Last Sunday, our pastor taught on 1 Timothy 3:1-16, which covers the requirements for being overseers (or “bishops”) and deacons in the church – leaders, basically, with different roles.

The term translated as “bishop” or “overseer” is Επισκοπῶν (“episkopon”), which is a supervisor. The role being described here has two other terms associated with it: πρεσβυτερίου (“presbuteriou”) in 1Tim 4:14, or “elder,” and ποιμένας (“poimenas,” “pastors”) in Ephesians 4:11 and others.

The description of the requirements for being an overseer really affected me, and it highlighted a conflict I don’t yet know how to resolve.

The requirements for an overseer can be seen in terms of external and internal loci, meaning that their focus (or “place,” which is what locus means) is either internal or external.

An overseer must be:

  1. above reproach (external locus)
  2. the husband of one wife (internal locus)
  3. sober-minded (internal locus)
  4. self-controlled (internal)
  5. respectable (external)
  6. hospitable (internal)
  7. able to teach (internal)
  8. not a drunkard (internal)
  9. not violent but gentle (internal)
  10. not quarrelsome (internal)
  11. not a lover of money (internal)
  12. must manage his own household well (internal)
  13. must not be a recent convert (internal)
  14. must be well thought of by outsiders (external)

A “locus” in this case refers to who controls the validity of an attribute. You control your ability to cleave to one mate; therefore, “the husband of one wife” is an internal locus. Likewise, you control your own self-control; internal locus.

Some attributes are controlled by others, though.

Others can quarrel with you, but you have the ability to respond with kindness and not argue back in passion; therefore, “not quarrelsome” is an internal locus of control.

That said, “well thought of by outsiders…” — for better or for worse, that’s something the outsiders control, not you.

You can act in a way such that outsiders should think well of you, but that doesn’t mean they will think well of you. What’s more, the Bible even suggests that we’ll be hated for His sake, which makes fulfillment of this requirement even more difficult.

Our pastor did walk through each of these in order, and I’m certainly not qualified to be an overseer even according to those factors for which I am entirely responsible, even through Christ’s help.

Yet the requirements that stood out to me, the ones that bother me the most, are the ones with external control.

Two circumstances play out here, applying to two different people (one of whom was me.)

As an example, consider: recently I chose to leave an IRC channel entirely. I’ve been struggling with some things lately, a matter of circumstance. The circumstances themselves aren’t very important, of course, but I mentioned my struggles in this IRC channel.

The response I received was enlightening, but not helpful.

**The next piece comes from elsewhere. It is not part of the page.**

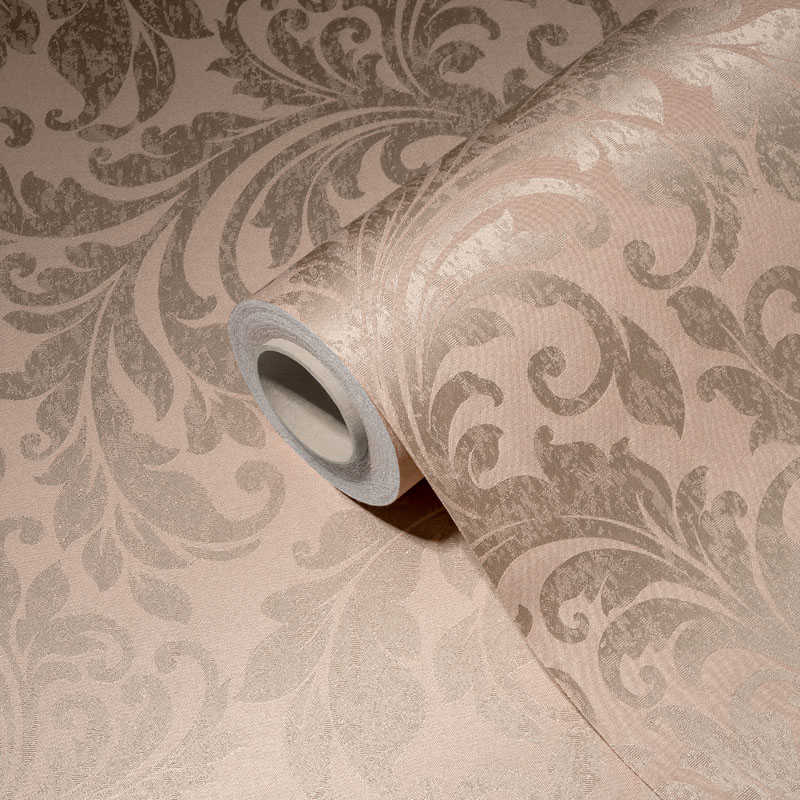             Non-woven wallpaper vines in used style & vintage look - brown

I was castigated for caring about these circumstances.

The interesting thing here is not that what the person castigating me was telling me was wrong. They were right, realistically; the things I’m enduring are frustrating, but in the end they’re a testament to the provision of God that these things are things I can easily handle and correct.

The issue I had was the delivery; it was offered in such a way that it was an insult to my character and witness, even though the reason I was saying it in the first place was because I was hurting in a mild way and needed support.

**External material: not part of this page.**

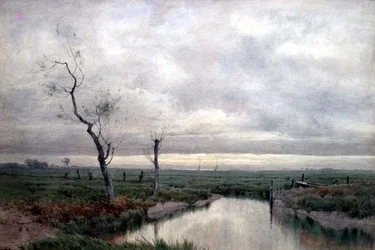 海岸の湿原（水彩画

The response I received indicated that I’d failed the requirements for an overseer, as per 1Tim 3:7, which states that an overseer must be well thought of by others.

Another example, hopefully obscured sufficiently: someone was describing some difficult circumstances, saying that they were hurting. The response this person received was similar: a biting attack rather than a recognition of pain.

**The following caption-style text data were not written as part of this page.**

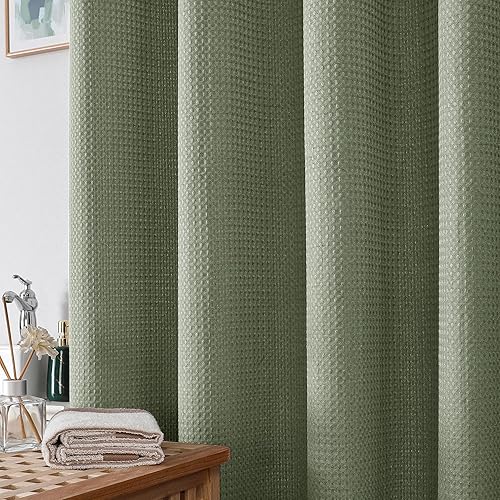 Miniatura 7 de OWENIE Cortina de ducha verde salvia, cortinas de ducha de tela pesada con tejido de gofre pequeño para baño de tamaño estrecho, impermeable, suave,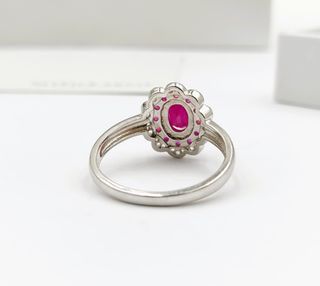 Anillo Plata con Rubí Natural Mujer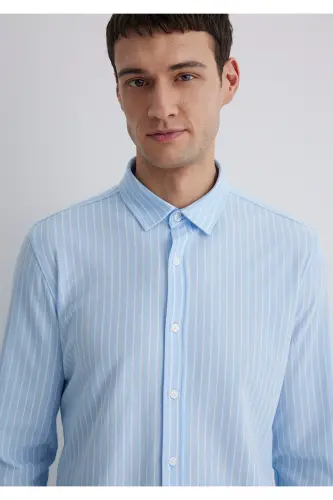 Полосатая Синяя Рубашка Slim Fit / Узкий Крой 0211404-8 - 5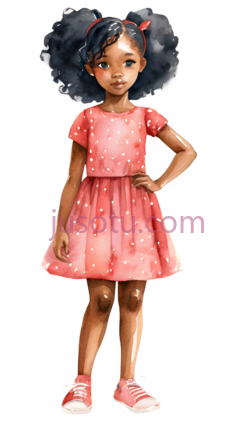 小女孩,卡通插画,粉色连衣裙配白色波点PNG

The thing about pain is that regardless of whether the pain is justified or not, it’s still pain.

The quandary I have is that I don’t know how to really understand 1Tim 3:7 in such a way that these responses don’t indicate a failure of compliance with the requirements of being an overseer. It’s not that everyone is called to be an overseer or pastor; I know I’m not! Yet compliance is a desirable thing, I think.

The observation I have is that I need to make sure that I’m not acting in such a way that others feel as I do right now, that a failure to meet an external requirement is laid at my feet without due cause.